- Fundamental Unit of Capacity: A shard is the core building block of a Kinesis data stream. It determines the stream's throughput in terms of data ingestion and retrieval.
- Sequence of Records: Each shard maintains an ordered sequence of data records. Data within a shard is immutable; you cannot delete or modify specific records directly.
- Scaling Mechanism: The number of shards in your Kinesis data stream directly affects its overall capacity. You can add or remove shards to scale your stream's ability to handle data.
Key Capacity Metrics of a Shard
- Data Ingest: A single shard supports up to 1MB/second of data writes and up to 1,000 records per second.
- Data Retrieval: A single shard supports up to 2MB/second of data reads. Note that read capacity is shared between all consumers of a shard.
How Shards Work
- Producers: Applications acting as producers send data records to a Kinesis data stream.
- Partition Keys: You can optionally provide a partition key when putting data into the stream. Kinesis uses the partition key to determine which shard the record is assigned to.
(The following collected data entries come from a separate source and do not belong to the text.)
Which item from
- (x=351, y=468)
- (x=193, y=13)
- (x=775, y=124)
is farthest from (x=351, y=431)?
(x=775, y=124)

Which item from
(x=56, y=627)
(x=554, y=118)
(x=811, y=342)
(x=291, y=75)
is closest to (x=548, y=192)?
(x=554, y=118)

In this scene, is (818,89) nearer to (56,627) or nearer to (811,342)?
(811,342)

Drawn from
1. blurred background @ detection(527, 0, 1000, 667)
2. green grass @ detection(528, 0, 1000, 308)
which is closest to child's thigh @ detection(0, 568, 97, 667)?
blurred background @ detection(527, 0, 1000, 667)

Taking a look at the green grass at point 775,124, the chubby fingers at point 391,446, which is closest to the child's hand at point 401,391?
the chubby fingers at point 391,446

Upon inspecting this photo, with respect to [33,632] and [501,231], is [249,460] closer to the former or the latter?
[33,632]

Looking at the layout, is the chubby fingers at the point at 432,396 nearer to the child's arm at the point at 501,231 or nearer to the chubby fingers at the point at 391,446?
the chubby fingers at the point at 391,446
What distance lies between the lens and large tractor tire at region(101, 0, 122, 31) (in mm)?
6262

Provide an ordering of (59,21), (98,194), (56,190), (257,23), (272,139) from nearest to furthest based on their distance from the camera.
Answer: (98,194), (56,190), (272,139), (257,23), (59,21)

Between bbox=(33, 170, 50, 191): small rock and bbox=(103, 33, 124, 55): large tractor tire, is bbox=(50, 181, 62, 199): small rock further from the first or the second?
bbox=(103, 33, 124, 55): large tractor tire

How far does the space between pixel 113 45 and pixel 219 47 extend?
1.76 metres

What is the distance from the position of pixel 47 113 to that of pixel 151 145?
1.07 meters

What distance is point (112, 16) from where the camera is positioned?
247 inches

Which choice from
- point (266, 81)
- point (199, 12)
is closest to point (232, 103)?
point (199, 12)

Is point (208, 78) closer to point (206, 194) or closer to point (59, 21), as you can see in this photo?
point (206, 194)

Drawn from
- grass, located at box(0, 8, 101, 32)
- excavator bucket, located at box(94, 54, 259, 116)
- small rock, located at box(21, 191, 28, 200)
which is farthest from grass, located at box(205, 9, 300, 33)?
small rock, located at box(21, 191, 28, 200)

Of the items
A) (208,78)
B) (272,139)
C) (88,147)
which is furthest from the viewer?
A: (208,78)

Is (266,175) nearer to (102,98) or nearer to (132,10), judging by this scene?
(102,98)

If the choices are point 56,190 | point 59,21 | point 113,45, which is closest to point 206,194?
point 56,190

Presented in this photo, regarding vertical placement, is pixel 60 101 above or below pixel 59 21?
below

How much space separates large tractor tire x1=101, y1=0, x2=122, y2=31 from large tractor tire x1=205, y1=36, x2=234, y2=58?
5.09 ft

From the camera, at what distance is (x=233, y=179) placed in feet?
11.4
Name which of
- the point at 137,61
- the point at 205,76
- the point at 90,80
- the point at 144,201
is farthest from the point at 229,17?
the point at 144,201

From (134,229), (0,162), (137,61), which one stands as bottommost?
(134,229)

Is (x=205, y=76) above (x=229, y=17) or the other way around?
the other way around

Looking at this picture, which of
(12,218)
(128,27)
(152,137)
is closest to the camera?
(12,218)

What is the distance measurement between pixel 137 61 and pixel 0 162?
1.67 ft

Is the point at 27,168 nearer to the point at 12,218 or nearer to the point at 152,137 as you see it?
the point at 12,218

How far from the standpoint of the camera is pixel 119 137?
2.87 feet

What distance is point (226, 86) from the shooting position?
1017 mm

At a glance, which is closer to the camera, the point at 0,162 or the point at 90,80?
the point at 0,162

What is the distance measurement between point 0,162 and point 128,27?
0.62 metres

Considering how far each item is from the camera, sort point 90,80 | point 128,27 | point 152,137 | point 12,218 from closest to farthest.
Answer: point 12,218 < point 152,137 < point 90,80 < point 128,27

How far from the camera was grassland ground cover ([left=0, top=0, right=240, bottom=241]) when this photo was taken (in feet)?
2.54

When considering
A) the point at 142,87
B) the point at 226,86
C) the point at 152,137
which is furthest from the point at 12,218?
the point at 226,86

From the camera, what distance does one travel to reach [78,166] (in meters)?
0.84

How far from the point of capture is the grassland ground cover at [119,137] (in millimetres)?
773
This helps distribute data evenly and can be used to maintain the order of related records.
- Consumers: Applications that process the data records from the stream are consumers. Consumers typically read data in batches from multiple shards in parallel.
Managing Shards
- Provisioning: When creating a Kinesis data stream, you specify the initial number of shards.
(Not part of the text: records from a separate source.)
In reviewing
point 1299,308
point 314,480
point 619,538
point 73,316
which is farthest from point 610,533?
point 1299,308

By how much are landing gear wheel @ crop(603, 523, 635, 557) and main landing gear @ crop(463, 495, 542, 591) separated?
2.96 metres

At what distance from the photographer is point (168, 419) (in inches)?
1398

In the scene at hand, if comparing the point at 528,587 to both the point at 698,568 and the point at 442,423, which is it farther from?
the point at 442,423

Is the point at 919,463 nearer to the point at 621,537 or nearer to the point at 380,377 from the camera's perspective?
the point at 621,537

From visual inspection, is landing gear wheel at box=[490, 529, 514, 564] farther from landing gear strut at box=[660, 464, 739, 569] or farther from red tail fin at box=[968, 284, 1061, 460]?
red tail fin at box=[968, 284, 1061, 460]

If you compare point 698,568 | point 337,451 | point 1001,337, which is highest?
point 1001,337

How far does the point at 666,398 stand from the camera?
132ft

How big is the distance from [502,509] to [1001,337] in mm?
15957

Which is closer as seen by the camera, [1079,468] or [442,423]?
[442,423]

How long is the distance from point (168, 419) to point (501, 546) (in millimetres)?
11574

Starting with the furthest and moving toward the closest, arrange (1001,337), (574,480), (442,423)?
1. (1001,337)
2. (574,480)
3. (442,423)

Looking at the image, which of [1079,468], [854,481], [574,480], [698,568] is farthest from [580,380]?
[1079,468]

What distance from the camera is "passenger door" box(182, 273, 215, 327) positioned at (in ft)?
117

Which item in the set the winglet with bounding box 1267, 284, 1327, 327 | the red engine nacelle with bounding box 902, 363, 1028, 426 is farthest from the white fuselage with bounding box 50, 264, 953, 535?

- Resharding: You can dynamically increase or decrease the number of shards using the Kinesis API or management console to adjust the throughput of your stream as needed.
Use Cases
- Real-time Data Processing: Process high-volume data streams for applications like website clickstream analysis or IoT device telemetry.
- Log Aggregation: Collect and process logs from various applications or systems in a central location.
- Event-Driven Architectures: Use Kinesis to trigger actions downstream in response to specific data events.